Friday, November 1, 2019

Keller's acoustic does in Madama Butterfly

Luis Chapa as B.F. Pinkerton and Hiromi Omura as Cio-Cio-San in Portland Opera's 2019 production of Puccini's Madama Butterfly. Photo by Cory Weaver/Portland Opera.

The barn-like acoustic of the Keller Auditorium presents a lot of challenges for opera productions, especially when the orchestra goes full tilt. That was the case with Portland Opera’s production of Madama Butterfly on opening night (October 25). The orchestra, guided by assistant conductor Nicholas Fox, who replaced an ailing George Manahan, created a vivid account, but quite often the voices of the principal characters, with the exception of Luis Chapa’s Pinkerton, got lost in the vastness of the hall.
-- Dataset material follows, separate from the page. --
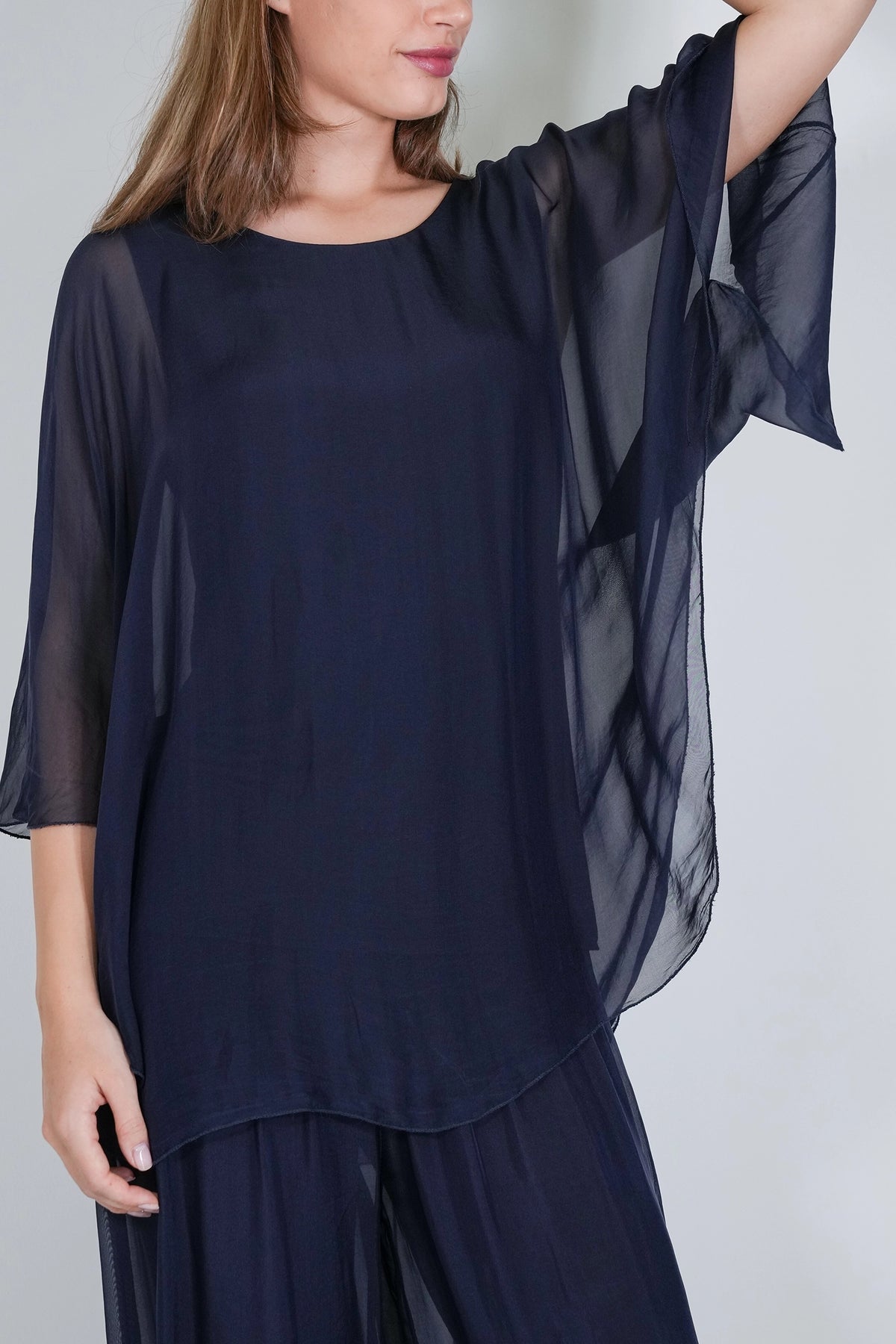 A woman wearing a navy blue sheer tunic top with wide three-quarter sleeves and matching navy pants, photographed against a light gray studio background.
The lack of vocal oomph lessened the impact of the tragic story, despite astute stage directions from E. Loren Meeker.

The performance marked the U.S. debut of Hiromi Omura in the title role. The Japanese native, who now lives primarily in France, sang impeccably, but she needed to be louder. Mexican tenor Chapa (in his company debut) had no such problem and conveyed the culturally obtuse and cruel Pinkerton with carefree ease. At the curtain call, the audience rained boos and applause on him, which he accepted with gallantry.

Other Portland Opera debuts included Nina Yoshida Nelsen, who created a sympathetic and conflicted Suzuki, Cio-Cio-San’s servant. Troy Cook’s gorgeously resonant baritone fit the role of Sharpless like a glove. Peixin Chen’s Bonze needed more vocal heft. It just wasn’t damning enough. Karl Marx Reyes was totally convincing as the greedy marriage broker Goro.

The chorus, prepared expertly by Fox, sounded terrific, generating a lovely “Humming Chorus,” and the women were almost scary in their denunciation of Cio-Cio-San when her uncle more or less excommunicates her

Under Meeker’s directions, Cio-Cio-San’s son was on stage for a much longer period than I have seen in other productions. That went surprisingly well.

The production, a revival of scenery and costumes originally constructed for New York City Opera but now owned by Portland Opera, beautifully evoked the bay below and the hillside above Cio-Cio-San’s house. A little bridge, garden, and a tree attractively graced a traditional-looking Japanese home. All was deftly lit by designer Mark McCullough.

Madama Butterfly is the first opera to be performed under the reign of Portland Opera’s new general director, Sue Dixon. As good as the performance was, Dixon still has to deal with the problem of Keller Auditorium’s size and poor acoustic. Good luck!